I also get that this design looks tired in 2020. There are many comparably priced Android phones that have managed to reduce their bezels. That’s not just an aesthetic consideration, either. Smaller bezels mean you can fit a bigger screen in a smaller phone body.


The first is, for a $399 phone, the cameras are absolutely great, and any complaints or gripes should be promptly dismissed given that price. The second is that they’re quite good but have some baffling shortcomings that Apple could have overcome, even at this price point.


I’m not sure why the A13 Bionic allows the iPhone SE to gain all of those other benefits but not better night shots. I’m not going to say that night mode is a solved problem by any stretch, but Google has been doing it on cut-rate hardware for a couple of years now, so it’s certainly possible. And Apple’s camera would, in theory, be up to it, given the processor is the same as its more expensive phones.

Matthew Panzarino:

The biggest practical benefit of the pipeline, though, is the improved Smart HDR feature, which I covered in my iPhone 11 review. This really improves detail across massive tonal ranges from bright highlights to shadow detail. While it does not magically make the iPhone SE the same class of image-making device that the iPhone 11 is, it goes a long way to making your average snapshot look the best it can.

See also: MacRumors.


Update (2020-04-23): John Gruber (tweet):

The black front face is simply a better look, to my eyes. And it doesn’t hurt that when the display is off, the black front disguises the now-dated forehead and chin above and below the screen.


Like its iPhone 11 brethren models, the iPhone SE’s back panel markings have been reduced to the essential minimum: just the Apple logo, perfectly centered.


It has just one rear-facing camera lens and sensor, and that sensor (but not the lens) is apparently the same as that in the iPhone XR.

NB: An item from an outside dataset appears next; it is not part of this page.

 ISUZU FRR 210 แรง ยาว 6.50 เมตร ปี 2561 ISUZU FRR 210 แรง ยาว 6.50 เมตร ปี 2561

It’s clear to me, but well beyond the scope of this review to examine in detail, that the iPhone SE’s rear-facing camera is capable of much more accurate depth maps than the iPhone XR’s. Since they’re both single-imaging systems and the same (or very similar) sensors, the SE’s superior depth mapping can only be attributed to the A13’s much more powerful neural engine.

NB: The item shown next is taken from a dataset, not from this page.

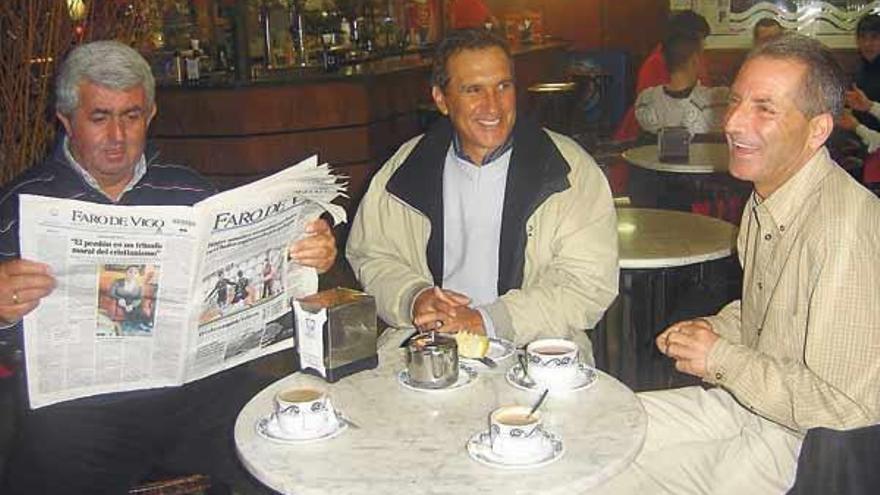 José María Figueirido, José  Bernardo Leyenda y Francisco Blach, ayer, en una cafetería baionesa.  // N.P.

I strongly advise buying an iPhone SE while the getting is good. I would wager, heavily, that this is the last iPhone Apple will ever make with a home button and the old-style user interface.

Update (2020-05-06): Juli Clover:

We did a full hands-on video back on Friday, but we took the weekend to see how the iPhone SE’s camera measures up to the iPhone 8 and iPhone 11 Pro.

Based on an iFixit teardown that looked at the base camera hardware, the iPhone SE is using the same camera sensor as the iPhone 8, a 12-megapixel lens that features an f/1.8 aperture and a 28mm focal length, narrower than the 26mm focal length of the 12-megapixel wide-angle in Apple’s flagships.

Update (2020-05-14): John Moltz:

Let’s be clear right off the bat: the 2020 iPhone SE is not a real iPhone SE. And rather than keep referring to it as the iPhone SE Second Generation throughout this review, I’m going to just call it what it is: the iPhone 9. In fact, that’s what I’ve named mine.

Yeah, yeah, yeah, I know what Apple calls it and I know that “SE” is an acronym that stands for “sell [it] e-gain”, but the reason I bought the original iPhone SE after owning an iPhone 6 and then an iPhone 6S was not because it was cheap, although that was nice. It was because it was small. Wonderfully, perfectly small.

Update (2020-07-06) Paul Carroll (via Hacker News):

Achieving an overall DXOMARK Camera score of 101, the Apple iPhone SE (2020) places near the center of our smartphone image quality database. While the budget-friendly Apple device offers comparable quality in many respects to the more expensive iPhone 11, its single camera setup falls short for zoom and bokeh shots compared to our top performers. The lack of an ultra-wide camera is also a disadvantage and is the main difference between it and the iPhone 11.


The iPhone SE (2020) achieves a good score for exposure and contrast, which is one of the device’s main strengths. Target exposures are accurate in most lighting conditions and performance is consistent. In our lab analysis we found contrast to be generally excellent, with bright target exposures in simulated indoor and outdoor lighting. It’s not as good in low light as the best performers, however, with some obvious underexposure in very low light.

8 Comments RSS · Twitter

Niall O'Mara

Its perfect for this netherworld we’re living through.

Cheaper phones make all the more sense for Apple now that ‘services’ is a growing revenue stream.

That it doesn’t remotely entice me to retire my iPhone 7 speaks to its lack of game-changing status.

An all-screen iPhone 5 sized phone please Apple - pref with touch ID somehow (back or side-button)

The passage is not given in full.